For me, this is especially true for jute sacks, and the memory of what was “inside” and “outside.” They speak to me, forcing me to question renewal, value, migration, globalization, and economic exchange. The sacks that I gather from farmers markets and take new life as part of my artwork conjure many memories and become the signifiers of exploitation and abuse as well as beauty and the creative force.”
One of his series involves the process of hand stitching canvas which he destroys with sculpting tools and metal brushes. The process of destroying the canvas takes weeks but the process of construction, which he calls "hand stitching" takes months -some artworks take up to six months! Analogous, and his fountain of inspiration, is the process of filigree in Colombia, particularly the art of filigree jewelry.

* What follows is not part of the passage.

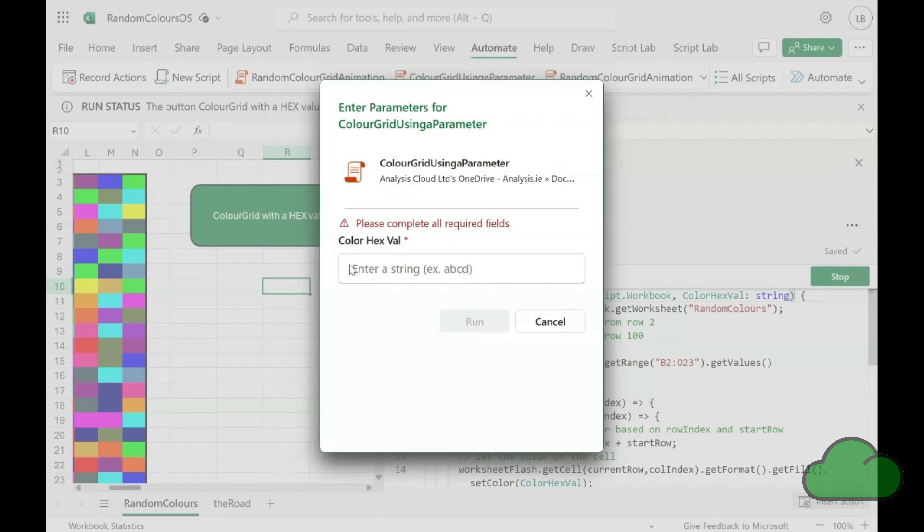So maybe Microsoft wants us to use those alternative tools and not a specific Excel dialog. Microsoft, what say ye.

Filigree is the art of delicate, lacelike ornamental metalsmithing composed of intertwined threads of gold or silver. Filigree is also known as “the art of patience” which for Terranova when an artwork takes three, four or even six months, one must possess such virtue. This millenary technique in Colombia dates back to the conquest time when the Spanish brought it with them from Andalusia, Spain. Moreover, with the arrival of the Spaniards, Sevillian artisans also arrived and were recognized for having inherited different Arab and Jewish traditions.

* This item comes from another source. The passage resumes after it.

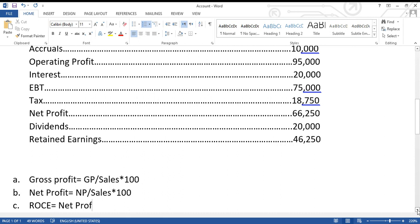ROCE means net profit divided by capital employed — all the money invested in assets, which is the bottom line of the balance sheet. This is a more realistic ratio because when I'm looking at an investment, I'm not concerned with what sales the company is making; I'm only concerned with what percentage return I'll get on my investment. If I invest 100,000 in a company, I want to know my percentage return, and ROCE answers that question for the shareholder.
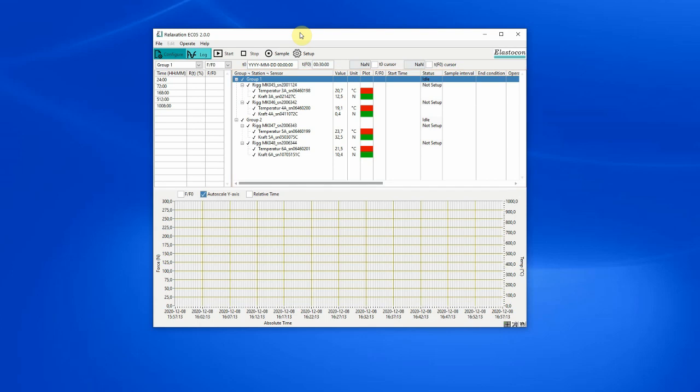The rigs can be grouped which is convenient when making double or triple tests. Calculations for evaluation points are made per group.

This is the reason his process involves heavy hand stitching, not to mimic the filigree technique at a grand scale but to capture the ancestral energy and magic of the gold or silver threads on a surface. For Eduardo the thread is also the link of his grandfather’s hand and his.
Terranova employs a plating technique using copper, zinc, chrome and gold or silver as metallic layers creating amazing light scintillations and great textures. Born in Cali, Colombia. Master of Architecture and design at Rhode Island School of Design (RISD). Bachelor of Architecture at New York Institute of Technology. Eduardo Terranova lives and keeps his studio practice in New York City.